I learned that myself in all the years since pre-alpha build 0.1.2, when i joined as an Associate Producer. In my first year i wrote many suggestions to the dev team, which i though were great and should be implemented. Convoy Mode was one such suggestion and i thought it was an amazing idea until we tested it in alpha and it turned out that it didn't work, for the simple reason that you can't stop a shell in flight, which generally invalidates the concept of protecting anything that is not player-controlled. We're periodically testing Convoys to this day, looking for a way to make it work and we probably will one day. I was just naive and thought i was a good designer back then. Turned out game design was a science i hadn't studied enough of yet. :)


You're absolutely right, but this is what i was referring to just above. If the example with high latency and server desync happened once then that's fine. Obviously, for your experience in that battle it's bad, but you'll likely survive it - i.e. you won't leave the game just because that one thing happened. However, if that keeps happening over and over to you and players in your area, or happens once to a large group of players, then we will see that data trend. This is obviously a specific example, because latency is generally a critical indicator we track for the servers, so if the hamster even bats an eye we will likely know about it, but the principle applies the same way to other examples. We look for markers that allow us to box in a correlation. After that, if we find a few, we usually ask our supertesters or just design a specific survey and send it to a sample of the audience.

We have a strike team within development called "Fresh Random" who are constantly working only on that - trying to prevent randoms from becoming so monotonous that people would start leaving the game over it. Some of their work ends up contributing to event modes like Battle of the Beasts, but the bulk of their time has been spent on subs for a while now.

Yes, this is what game loops do - they give you a challenge and ask you to adapt and overcome (learn to play).

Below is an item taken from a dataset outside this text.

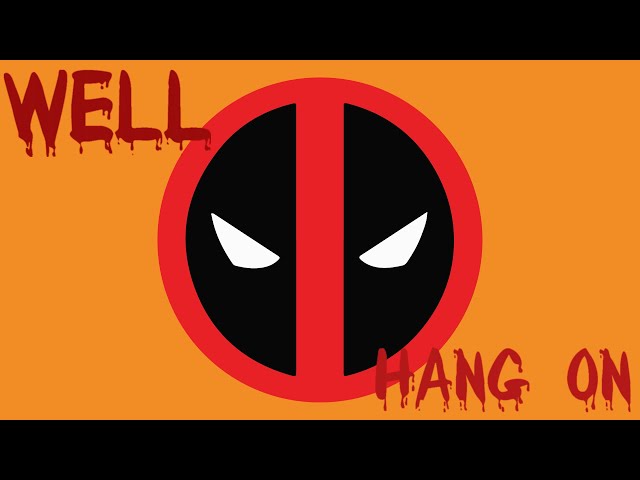 Video thumbnail for Deadpool: Hang in there!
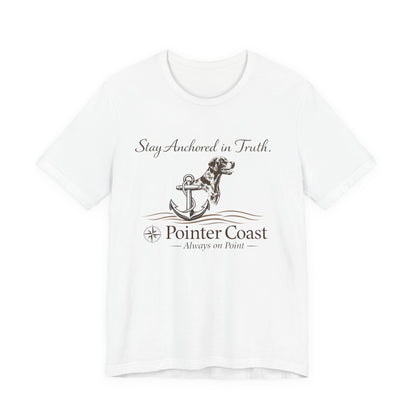 Pointer Coast | Stay Anchored in Truth | Nautical GSP Tee – Always On Point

Challenge by definition implies some level of skill or effort you have to acquire to fulfill the task, or an advantage your opponent has over you. The game is full of them and, as was also stated at the beginning of this thread, the game also uses negative reinforcement to drive users to progress. It's by design that the game allows for some interactions to be seemingly unfair.

Our main task in all of this is to make sure that there aren't so many negative experiences which are not balanced by positive ones, that people start leaving the game because of them (in each specific category and area of the game).

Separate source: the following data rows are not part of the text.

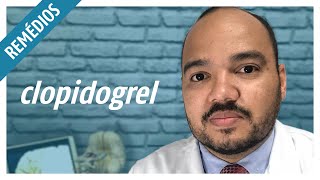 Clopidogrel Para que serve e efeitos colaterais [upl. by Fraser]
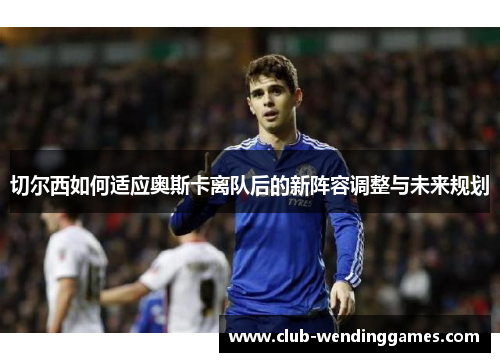 切尔西如何适应奥斯卡离队后的新阵容调整与未来规划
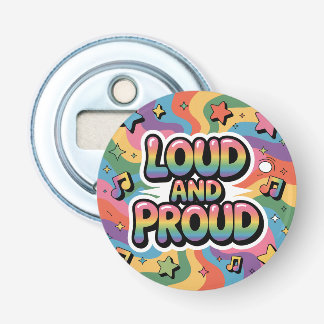 LOUD AND PROUD | LGBTQ+ Pride Ally Bottle Opener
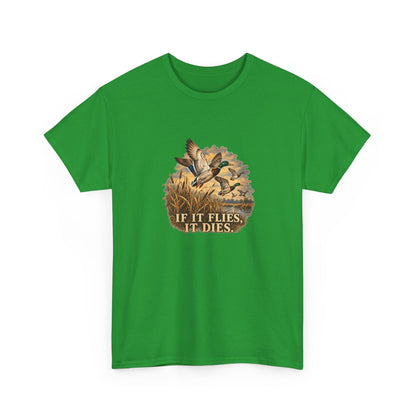 If It Flies – Gildan 5000 T-Shirt | 035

Thank you! I appreciate your thoughtful response.

I also get what you're saying about explaining fundamentals and this is definitely a challenge, because i obviously have limited bandwidth and capability to do so. In some areas I also won't be able to go deep into details, because they do contain trade secrets that we are simply unwilling to share with the public and our competitors. It would be bad for business if everyone knew how to cook the perfect sauce, even though i understand that for players competition in the genre and variety of game choices is obviously better.

I'll do my best to explain what I can and what i know best, which is generally audience behaviors, user-experience aspects and production processes. Just for context, my background is in teaching and in criminology (with a focus on online behaviors), which is the study of why large groups of people do bad things (or why bad things happen to or inside of them) and most of my time at WG I spent as a producer. I also have relatively limited time for writing this stuff, but we'll try to find a good format for it.

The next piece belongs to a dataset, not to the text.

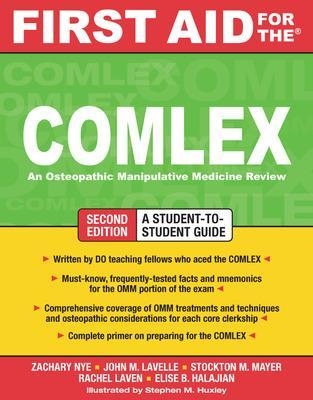 First Aid for the COMLEX, Second Edition - Zachary Nye, John Lavelle, Stockton Mayer, Rachel Laven, Elise Halajian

Why are you even posting in this thread, if you're not interested in what i have to say?

Also have you actually read those complaints on that page? Some of them are interesting, like people contesting getting banned for breaking the EULA.

Not saying the services of BBB are bad by any stretch - people should absolutely use it if they feel they need arbitration.


Have a good weekend - long or otherwise. Stay safe, don't blow yourselves up. I'll be back on the forums in a few days.

Again, thank you for remaining civil.